A veces la delegación de responsabilidades en el Poder Judicial lleva a situaciones absurdas, más por comodidad que por malicia. Y sí, de paso no se aplica la ley.

En un caso de régimen comunicacional la jueza se declaró incompetente. Desde un principio, era algo previsible, estaba dentro de los planes y así se lo había hecho saber al cliente. Por eso la resolución de incompetencia no me sorprendió. Lo que sí me dejó perplejo fue el “cómo” implementar la resolución:
“II.- ORDENAR la IMPRESIÓN de las presentes actuaciones del sistema informático SAE y la REMISION de las mismas al Juzgado Civil o de Familia que por turno corresponda, del Departamento Judicial de La Matanza, Provincia de Buenos Aires. A sus efectos, librar Oficio Ley N° 22172; FACULTAR al Dr. Agustín Eugenio Acuña, Defensor Oficial Civil y del Trabajo con carácter itinerante para su diligenciamiento ante el Poder Judicial de La Matanza, Pcia. de Buenos Aires. Igualmente, FACULTAR al mencionado Defensor para que articule la intervención de Defensoría Oficial Civil de ese Centro Judicial, para el Sr. S. D. B.”

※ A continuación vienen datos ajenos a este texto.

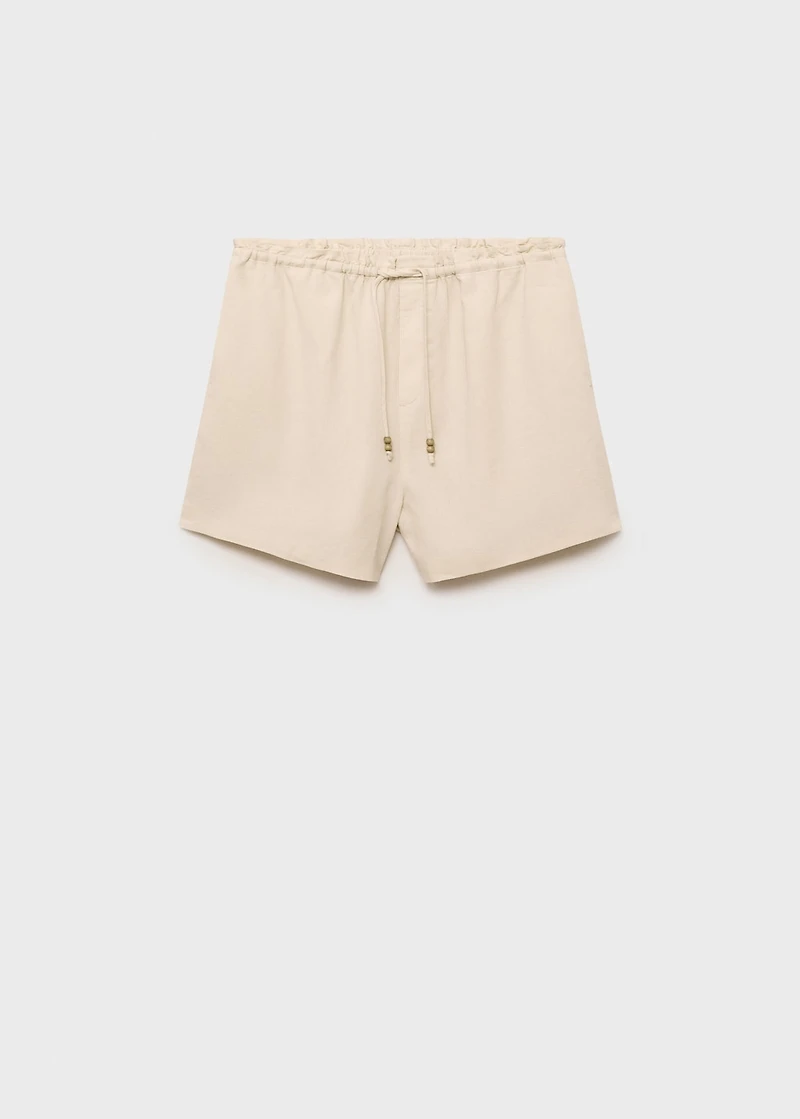Straight-fit linen shorts with drawstring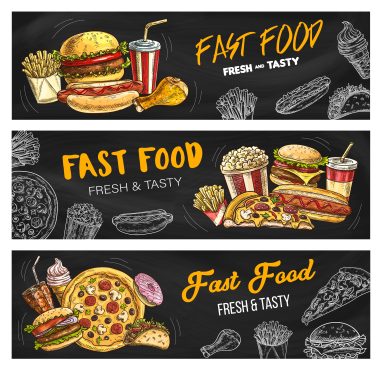 دانلود وکتور بنر رستوران و فست فود Fast food menu pizza burgers and fastfood snacks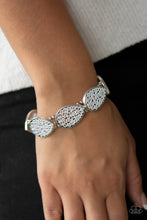 Load image into Gallery viewer, Heirloom Hunter- White and Silver Bracelet- Paparazzi Accessories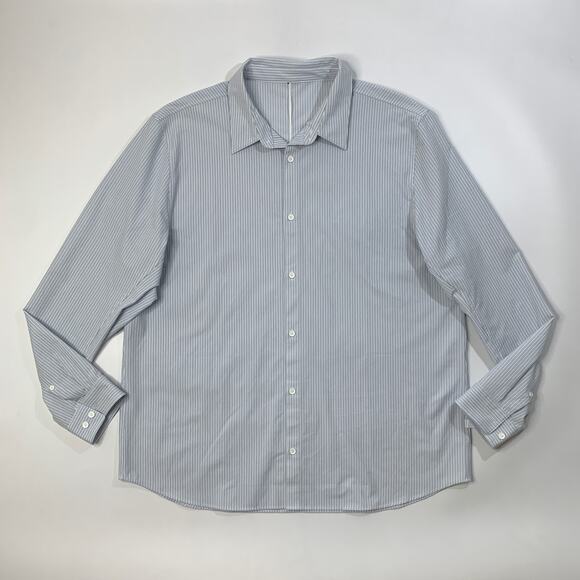 Lululemon Shirt Mens XXL 2XL Dresden Blue White Striped Button Up Long Sleeve - Picture 2 of 8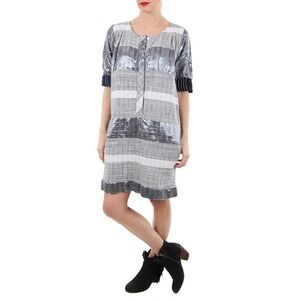 Ace & Jig Women's Studio Shift Dress Gray Metallic Stripe- Size Medium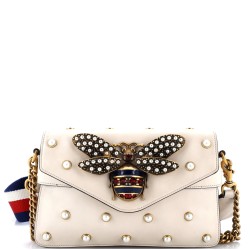 Broadway Pearly Bee Shoulder Bag Embellished Leather Mini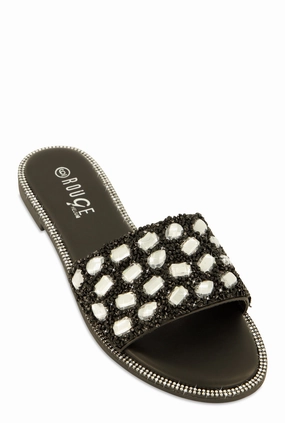 Gemstone Studded Slide Sandals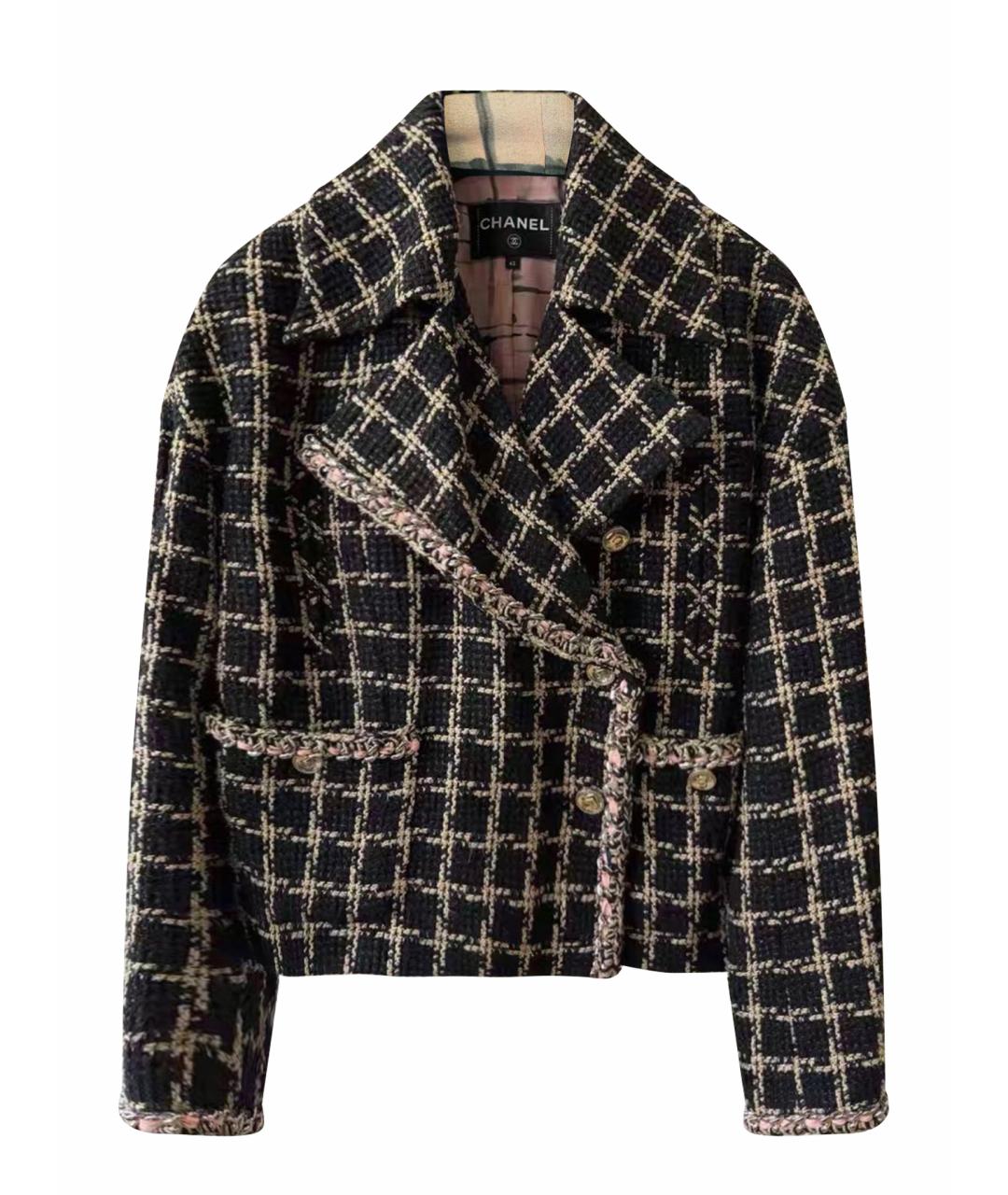 CHANEL Черный твидовый жакет/пиджак, фото 1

La jueza ponía en mi cabeza la responsabilidad de llevar el expediente al juez competente, en otra provincia. Divino, una tercerización de la administración de justicia brillante. Algunos dirían una “lavada de manos”. Encima, con la cita de la Ley 22.172, que le daba un fundamento aparente. Of course, apelé. Indiqué que los defensores no somos cadetes de los jueces, que no era aplicable la Ley 22.172 y que, como en cualquier declaración de incompetencia que ocurre en el fuero, es el juez que se declara incompetente quien tiene que hacer llegar el expediente al juez competente. Nada del otro mundo.
La cámara me dio la razón en estos términos:
“Esta norma claramente revela que no resulta aplicable el oficio Ley 22.172 para la remisión de las actuaciones a otra jurisdicción derivadas de una declaración de incompetencia, ya que el Juzgado que pretende oficiar se encuentra ya desprendido de la competencia. De este modo corresponde, tal como lo expone el Sr. Defensor en su expresión de agravios, la remisión de las actuaciones a través de los mecanismos previstos en el Digesto Procesal, el que por aplicación del art. 6 remite la demanda al juez que corresponda intervenir a través de Mesa de Entradas. Respecto al segundo agravio, entiende esta Sala que no corresponde el facultamiento al Sr. Defensor Oficial para que sea éste quien se encargue del trámite que como consecuencia de la incompetencia es menester realizar, es decir para que proceda a diligenciar un oficio que resulta inaplicable a este supuesto, como así también para articular la intervención de la Defensoría Oficial Civil de ese Centro Judicial, para el Sr. S. D. B. No está previsto tal facultamiento dentro de las tareas que le corresponde cumplir al Sr Defensor y que emanan de la Ley N° 8992. Por otro lado, una vez remitidas las actuaciones al Juez competente, será éste quien dispondrá las medidas a adoptarse, entre las que se encuentra el dar la intervención necesaria al Dr. Oficial Civil de la jurisdicción competente como garantía de acceso a justicia de las partes en este juicio”.
Ahora que releo el fallo, me acuerdo que el tribunal hizo el trabajo que la jueza no quiso o no supo o no pudo hacer: averiguar cómo enviar el expediente a La Matanza, provincia de Buenos Aires. Así, no solo revocó la resolución, le dijo “remítalo usted al expediente” sino que la aleccionó diciéndole: “hoy en día es fácil averiguarlo, con tantas tecnologías y recursos, se hace de esta forma, póngase las pilas”. O algo así. Si tiene dudas, lea el fallo.